So my problem goes like this, i have to enter a number from 1-7 and for each respective number i have to print a letter from the word english(e is for 1, n is for 2, etc.) Here is my idea:
#include <iostream>
using namespace std;
int main()
{
enum eng {e='e', n='n',g,l,i,s,h}
};
int x;
cout << "dati x\n";
cin >> x;
if (x >= 0 && x <= 7)
eng val = static_cast<eng>(x);
cout << x;
}
i want the number ( x ) to be converted to its respective letter from the eng type, but the conversion gives me back the number( if i put 1 it gives me 1, if i put 2 it gives me 2) i tried assigning an char value to e and n in eng , to see what happens ,but its the same result, i know i can use switch,but i want to try to get this working
CodePudding user response:
The enum you have doesn't have values 0, 1, ... because you set 'e' and 'n'. These are chars and have int values of 101 and 110 respectively. all the enum values after 'n' will be incremented by 1 starting from 110. What you want, as said, is a const array of some sort(std::array
, char[]
, std::vector
) where you add the chars 'e', 'n', ... to this array. You can then just use myArray[0-6] to get the according char.

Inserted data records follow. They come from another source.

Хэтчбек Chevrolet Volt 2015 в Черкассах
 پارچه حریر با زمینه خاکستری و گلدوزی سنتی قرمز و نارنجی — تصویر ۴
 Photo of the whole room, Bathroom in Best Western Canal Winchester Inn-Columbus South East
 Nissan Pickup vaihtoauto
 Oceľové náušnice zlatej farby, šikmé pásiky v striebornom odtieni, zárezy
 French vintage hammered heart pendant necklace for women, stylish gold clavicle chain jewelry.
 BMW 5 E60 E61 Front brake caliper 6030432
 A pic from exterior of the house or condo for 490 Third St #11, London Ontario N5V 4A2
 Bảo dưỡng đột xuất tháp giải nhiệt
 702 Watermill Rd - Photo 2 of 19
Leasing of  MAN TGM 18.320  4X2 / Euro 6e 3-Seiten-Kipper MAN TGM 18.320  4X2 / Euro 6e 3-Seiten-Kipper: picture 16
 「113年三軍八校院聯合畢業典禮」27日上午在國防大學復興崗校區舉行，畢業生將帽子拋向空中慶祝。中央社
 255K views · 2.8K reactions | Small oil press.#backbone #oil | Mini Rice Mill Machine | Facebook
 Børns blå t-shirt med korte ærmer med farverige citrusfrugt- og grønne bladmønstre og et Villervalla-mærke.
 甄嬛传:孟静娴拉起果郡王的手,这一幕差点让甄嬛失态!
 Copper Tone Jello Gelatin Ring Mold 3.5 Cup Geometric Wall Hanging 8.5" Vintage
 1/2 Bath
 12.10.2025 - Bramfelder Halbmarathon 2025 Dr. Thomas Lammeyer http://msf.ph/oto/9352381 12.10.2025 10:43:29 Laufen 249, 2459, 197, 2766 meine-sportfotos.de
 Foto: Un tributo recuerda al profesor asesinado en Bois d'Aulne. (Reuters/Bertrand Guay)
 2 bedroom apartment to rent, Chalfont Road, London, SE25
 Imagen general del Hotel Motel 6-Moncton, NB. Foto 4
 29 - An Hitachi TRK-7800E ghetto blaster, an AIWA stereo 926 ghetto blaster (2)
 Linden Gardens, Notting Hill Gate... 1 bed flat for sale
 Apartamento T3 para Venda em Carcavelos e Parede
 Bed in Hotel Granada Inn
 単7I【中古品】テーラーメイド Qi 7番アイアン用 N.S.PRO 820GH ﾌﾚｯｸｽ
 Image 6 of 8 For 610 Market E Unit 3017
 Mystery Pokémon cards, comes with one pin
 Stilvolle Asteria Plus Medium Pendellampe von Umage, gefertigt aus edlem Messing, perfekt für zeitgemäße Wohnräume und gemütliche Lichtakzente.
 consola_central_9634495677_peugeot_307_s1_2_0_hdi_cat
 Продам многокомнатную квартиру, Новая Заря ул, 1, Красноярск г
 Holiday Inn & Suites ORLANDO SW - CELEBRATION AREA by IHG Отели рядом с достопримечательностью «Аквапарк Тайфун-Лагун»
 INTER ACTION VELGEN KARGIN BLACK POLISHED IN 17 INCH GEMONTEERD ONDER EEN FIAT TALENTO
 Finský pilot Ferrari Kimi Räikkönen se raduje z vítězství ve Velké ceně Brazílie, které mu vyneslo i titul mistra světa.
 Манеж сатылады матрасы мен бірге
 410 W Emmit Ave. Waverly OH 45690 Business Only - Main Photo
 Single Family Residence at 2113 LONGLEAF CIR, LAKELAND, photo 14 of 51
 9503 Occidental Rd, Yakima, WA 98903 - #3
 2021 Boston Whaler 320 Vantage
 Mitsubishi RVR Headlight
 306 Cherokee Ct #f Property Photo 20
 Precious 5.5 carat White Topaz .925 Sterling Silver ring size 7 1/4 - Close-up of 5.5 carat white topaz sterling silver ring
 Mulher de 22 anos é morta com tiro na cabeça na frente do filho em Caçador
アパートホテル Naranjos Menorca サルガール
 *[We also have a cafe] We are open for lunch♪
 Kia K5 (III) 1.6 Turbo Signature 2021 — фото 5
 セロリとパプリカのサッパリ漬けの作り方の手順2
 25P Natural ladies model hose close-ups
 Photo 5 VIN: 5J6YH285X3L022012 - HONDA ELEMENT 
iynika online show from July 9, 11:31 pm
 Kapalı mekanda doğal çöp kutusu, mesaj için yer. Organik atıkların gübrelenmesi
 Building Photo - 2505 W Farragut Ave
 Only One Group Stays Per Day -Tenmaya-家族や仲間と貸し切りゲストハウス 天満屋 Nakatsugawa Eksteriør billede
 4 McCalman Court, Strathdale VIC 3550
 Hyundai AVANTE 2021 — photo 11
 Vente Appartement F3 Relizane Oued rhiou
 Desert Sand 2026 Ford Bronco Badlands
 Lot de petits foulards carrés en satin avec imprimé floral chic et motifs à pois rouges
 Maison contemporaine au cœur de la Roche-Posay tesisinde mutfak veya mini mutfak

CodePudding user response:
Discussing enums is somewhat beyond the scope of the question, because an enum is just the wrong tool here. The values of the letters in the word "english"
are not consecutive and the names of an enums named constants are not easily accessible, hence the enum does not help to map an index to a character.
The tool to map an index to a character is a std::string
:
std::string english{"english"};
if (x >= 1 && x < 8) std::cout << english[x-1];
Your bounds were wrong. "english"
has only 7 characters, while your condition allows 8 different indices. Because array indexing is zero based but the taks asks you to use 1 based indexing, you need to subtract 1 to get the desired character. Moreover, its a matter of style, but it is common to use half open intervals (ie [1,8)
, lower bound included, upper bound not included).